Нас в первую очередь интересует, как и при рассмотрении органики, проблема метода исследования. Метод Гёте в данном случае принципиально отличается от пути, которым он шел в своем изучении органической природы, хотя (и ниже мы отметим это) общая точка соприкосновения наличествует и здесь. Цвет полностью ограничен чувственной сферой; тем самым определяется необходимый эмпиризм подхода. Но поскольку речь идет о понимании сущности явлений, эмпиризм столь же необходимым образом сочетается с рационализмом. «Ибо один лишь взгляд на вещь не может продвинуть нас вперед. Всякое смотрение переходит в наблюдение, всякое наблюдение — в размышление, всякое размышление — в связывание, и поэтому можно сказать, что при каждом внимательном взгляде на мир мы уже теоретизируем» (7, 3, 79). В этих словах сконцентрирована по существу вся специфика философского и исследовательского метода Гёте. Он никогда не начинает с теоретизирования, но всегда приходит к нему одновременно с созерцанием. «Самое высокое было бы понять, что все фактическое есть уже теория: синева неба раскрывает нам основной закон хроматики. Не нужно только ничего искать за феноменами. Они сами составляют учение» (7, 5, 376). Прямой аналог этого утверждения мы уже слышали в ответе Гёте Шиллеру: «Я вижу идеи». Такова высшая точка соединения рационализма и эмпиризма, устраняющая крайности того и другого. Эмпиризм, по Гёте, погрязает в «миллионоглавой гидре эмпирии» (5, 1, 288) и лишает себя возможности дойти до идеи. Рационализм начинает именно с идеи, но тщетно силится привести ее к факту.

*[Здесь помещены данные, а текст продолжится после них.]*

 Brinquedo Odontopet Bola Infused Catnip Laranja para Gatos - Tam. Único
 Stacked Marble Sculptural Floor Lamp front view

Это и есть бесплодные «усилия Данаид»; изначально разобщенное, причем искусственно разобщенное, не в состоянии прийти к единству. Единство, по Гёте, достигается только на пути единоличного и сообразного природе исследования. Факт идеен, идея фактична — таков «результат опыта» (7, 5, 379). Самое поразительное, что речь идет при этом не о каком-то привилегированном наитии, составляющем личную собственность «великих гениев», а о чем-то таком, чему можно и должно научиться.